“Make movies not meetings” and “Be prolific” are the advice that we’re getting from prominent indie filmmakers like Joe Swanberg and the Duplass brothers. But how do you do that if you don’t have a story to tell?
Writer’s block is the greatest hinderance to filmmaking. And, unfortunately, I’m not of the party that can just grab a camera and shoot something. I like to have a plan.
So here are the components of my writer’s block prevention strategy. These are tips I’ve collected from screenwriting classes, books on the subject, and even interviews about the inspiration behind movies I appreciate.
1. Draw from personal experience.
I’ve been told by writing professors to “tell the story only you can tell.” This is probably the best advice out there when it comes to writing, simply because personal stories have a spark to them that pure fabrication often lacks. When you’re drawing from personal experience, you’re already intimately familiar with the story’s emotional arc. This makes believability so much easier to achieve.

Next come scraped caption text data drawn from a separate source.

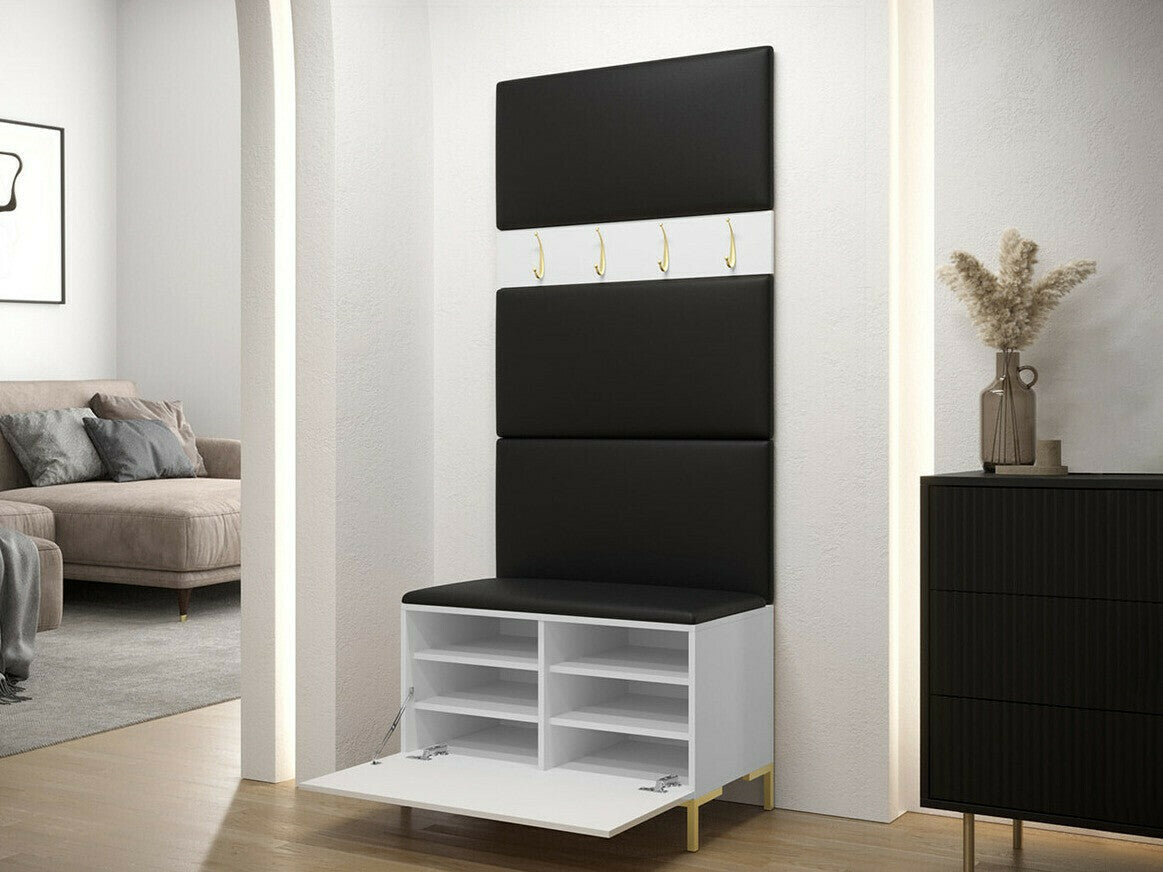 Előszoba garnitúra ZILION III (Frunemfta III), Keret színe: Craft tölgy, Puha falpanel színe: Manila 32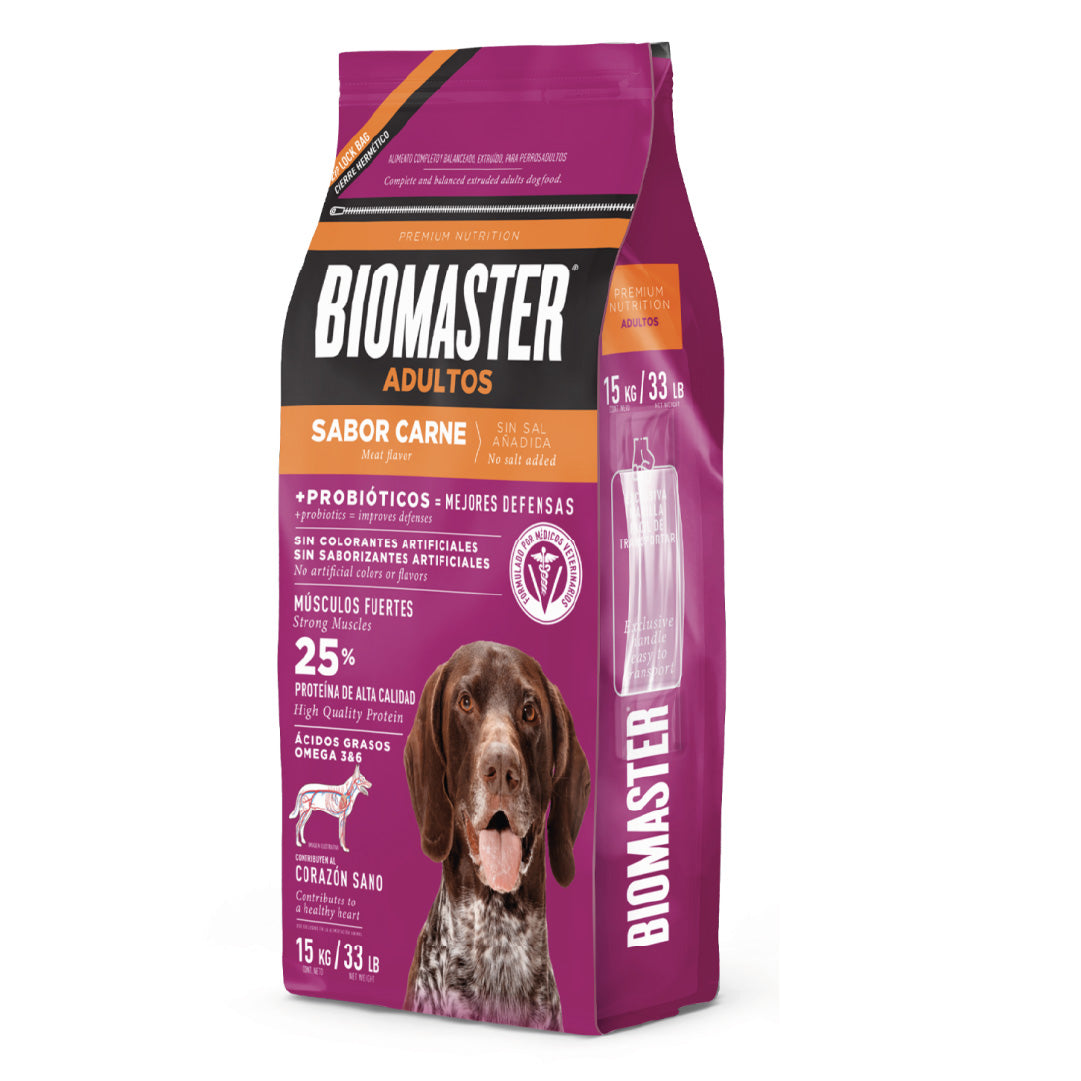 Alimento Premiuim Perro Adulto Biomaster Carne 15 Kg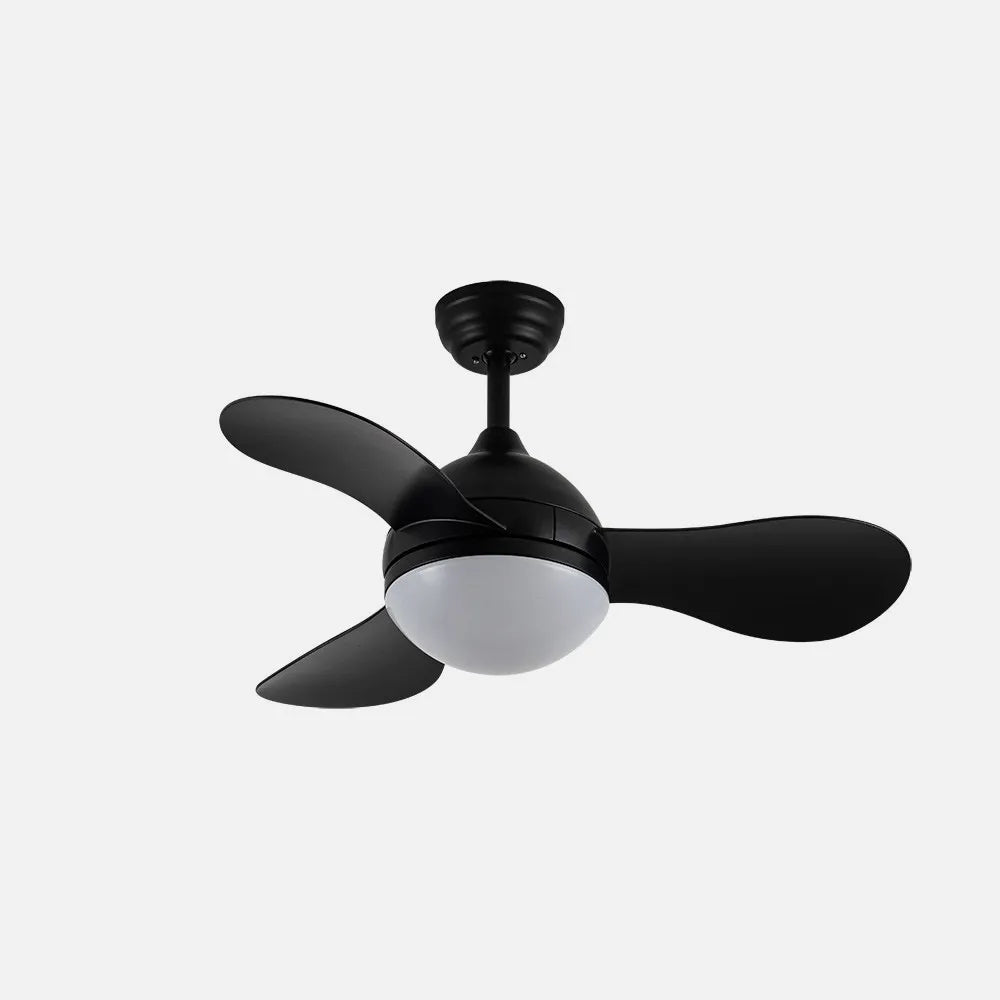 Ventilador de techo DC Solido 24w Negro 3 aspas 91 de diámetro 2640lm 3000-4000-6500k Control Remoto + memoria + temporizador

There’s also the fact that there are stories out there that you just can’t make up. Mark Twain said that truth is stranger than fiction because the truth isn’t obliged to stick to possibilities. What’s the strangest thing that’s happened to you? What’s something that’s changed you? You might just find the beginning of a story by answering these questions.
2. Retell a story you love.
The next best thing to telling your own story is retelling one that you love. And no, I’m not encouraging plagiarism.
The truth is, there are no original stories left to tell. There are just new ways to tell that story.
A professor who works as a producer in Hollywood once told my class that as soon as you make a big hit in the indie world, studios will offer you a directing gig to reboot old content. Maybe that’s why Marc Webb did The Amazing Spider-Man after 500 Days of Summer, who knows. Anyway, from a business perspective, reboots make sense because it’s hard to screw them up at the box office. The movie might be unimaginative and unnecessary (ahem, The Amazing Spider-Man), but there will definitely be a paying audience.
From the creative perspective, every story has a variety of vantage points. You can tell them over and over with a unique lens. That’s why we have so many renditions of Batman and movies like Tangled and Maleficent.
But wait a minute, what about copyright issues? Yes, copyright is definitely something to worry about and often expensive to purchase. If you can’t get clearance to use existing characters and intellectual property, you can tweak significant elements of a story (names, setting, period, etc.) to differentiate from the original source material.
After all, isn’t Avatar just Pocahontas in space?
3. People watch.
Once I missed my stop on the Metra. While I was waiting for my ride, an old man jogged by me. He looked to be in his 60’s and had long rocker hair tied in a low pony tail. Tattoos colored his arms and legs and his sneakers were bright orange, matching his neon safety vest. The sight of him drew my interest, so I immediately wrote down his description on my note app. Why was he running? What did all of his tattoos mean? Why did he wear his hair so long?
If I took the time to come up with fictitious explanations for all these questions, I’d have myself the beginning of a character outline.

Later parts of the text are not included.